Patterns using the wildcard symbol are very effective, but there are
many instances where we want to limit the set of characters that the
wildcard can match.  In such cases we can use the ``[]`` notation,
which enumerates the set of characters to be matched - this is called
a *character class*.  For example, we can match any English vowel, but
no consonant, using |[aeiou]|\ . Note that this pattern can be
interpreted as saying "match ``a`` or ``e`` or ... or ``u``"; that
is, the pattern resembles the wildcard in only matching a string of
length one; unlike the wildcard, it restricts the characters matched
to a specific class (in this case, the vowels).  Note that the order
of vowels in the regular expression is insignificant, and we would
have had the same result with the expression |[uoiea]|\ . As a second
example, the expression |p[aeiou]t| matches the words: ``pat``,
``pet``, ``pit``, ``pot``, and ``put``.

We can combine the ``[]`` notation with our notation for
repeatability.  For example, expression |p[aeiou]+t| matches the words
listed above, along with: ``peat``, ``poet``, and ``pout``.

Often the choices we want to describe cannot be expressed at the level
of individual characters.  As discussed in the tagging tutorial,
different parts of speech are often *tagged* using labels from a
tagset.
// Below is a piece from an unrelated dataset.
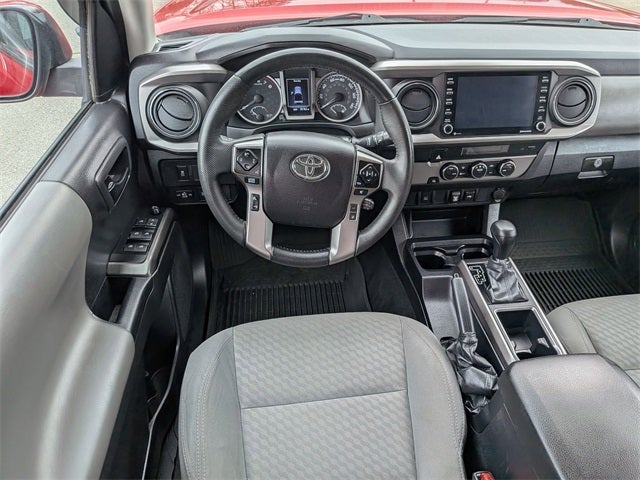 2022 Toyota Tacoma SR5 V6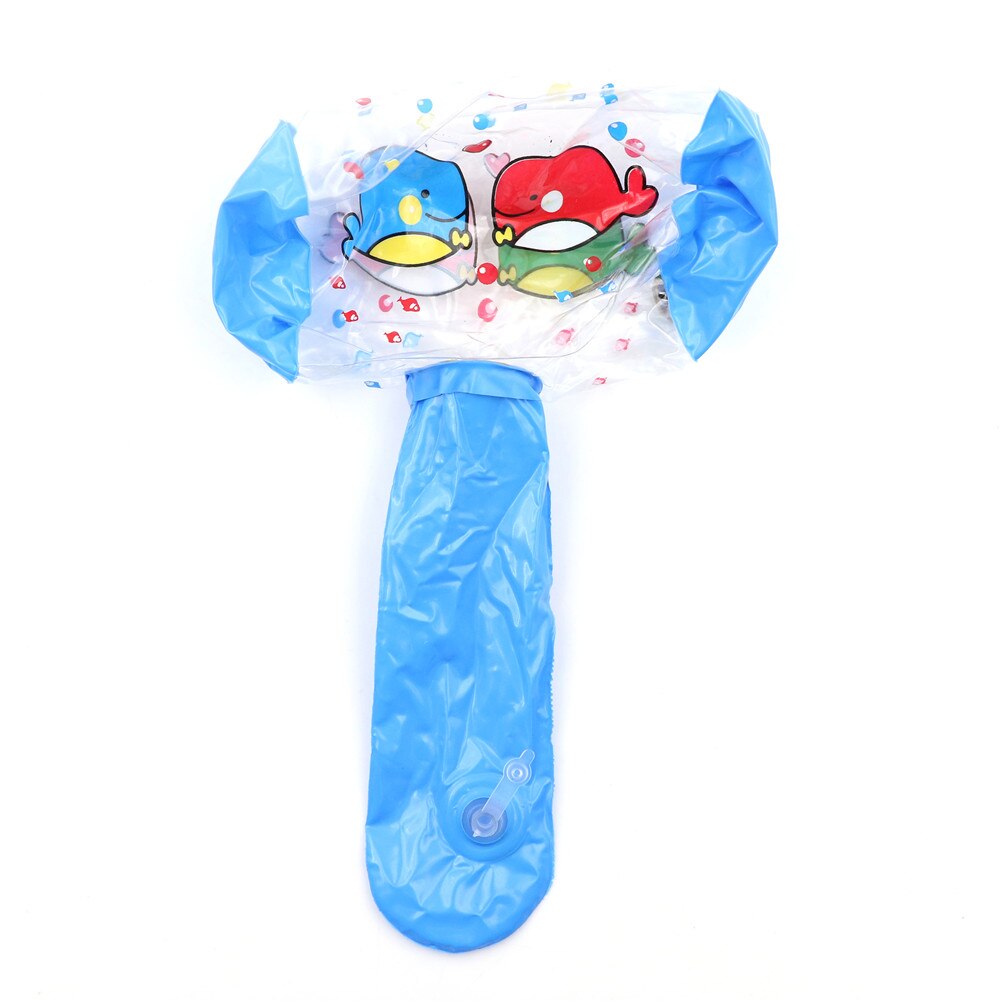 Inflatable Hammer Toy with Bell for Kids by HitMyNeed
In the Brown tagset, for example, singular nouns have the tag
``NN1``, while plural nouns have the tag ``NN2``, while nouns which
are unspecified for number (e.g., ``aircraft``) are tagged ``NN0``. So
we might use |NN.*| as a pattern which will match any nominal
tag. Now, suppose we were processing the output of a tagger to extract
string of tokens corresponding to noun phrases, we might want to find
all nouns (``NN.*``), adjectives (``JJ.*``) and determiners (``DT``),
while excluding all other word types (e.g. verbs ``VB.*``).  It is
possible, using a single regular expression, to search for this set of
candidates using the *choice operator* "``|``" as follows:
|NN.*|JJ.*|DT|\ . This says: match ``NN.*`` *or* ``JJ.*`` *or* ``DT``.
 
As another example of multi-character choices, suppose that we wanted
to create a program to simplify English prose, replacing rare words
(like ``abode``) with a more frequent, synonymous word (like
``home``).  In this situation, we need to map from a potentially large
set of words to an individual word.  We can match the set of words
using the choice operator.  In the case of the word ``home``, we would
want to match the regular expression |dwelling|domicile|abode|\ .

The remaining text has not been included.